--- WORK INSTRUCTION ---
Your reply is to be the lines below, exactly as written, with images omitted.

--- GIVEN INFORMATION ---
______________________________
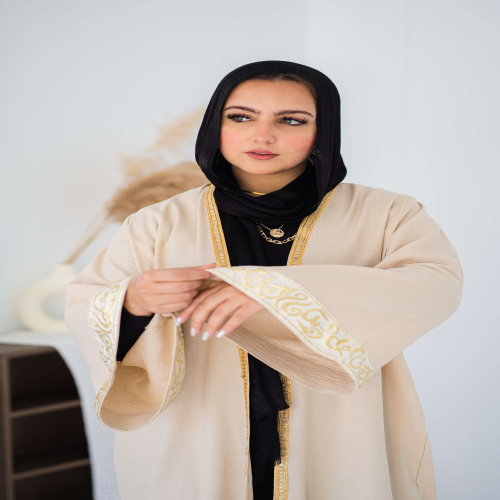  calligraphy kaftan in beige 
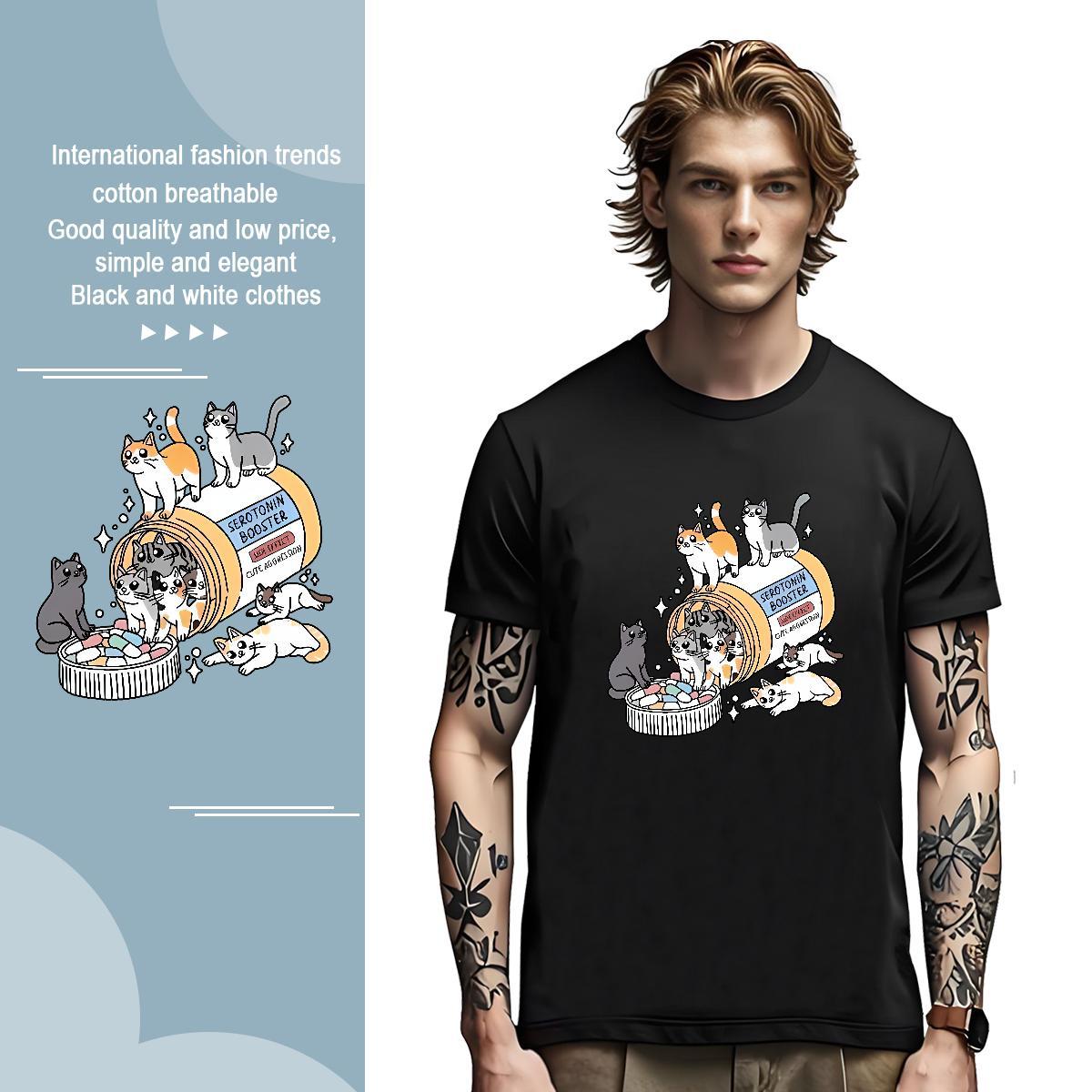 Cool Design T shirt cats Breathable Short Sleeve Summer Casual DIY Printed 100% Cotton 230g Men Tshirts Classic Tops Tees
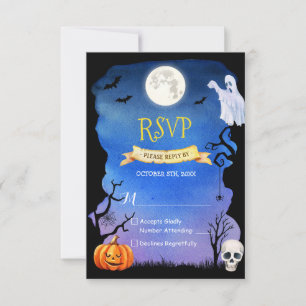 Spooky Pumpkin Ghost Skull Halloween OSA Kort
______________________________
--- EXERCISE SOLUTION ---
  calligraphy kaftan in beige 
 Cool Design T shirt cats Breathable Short Sleeve Summer Casual DIY Printed 100% Cotton 230g Men Tshirts Classic Tops Tees
 Spooky Pumpkin Ghost Skull Halloween OSA Kort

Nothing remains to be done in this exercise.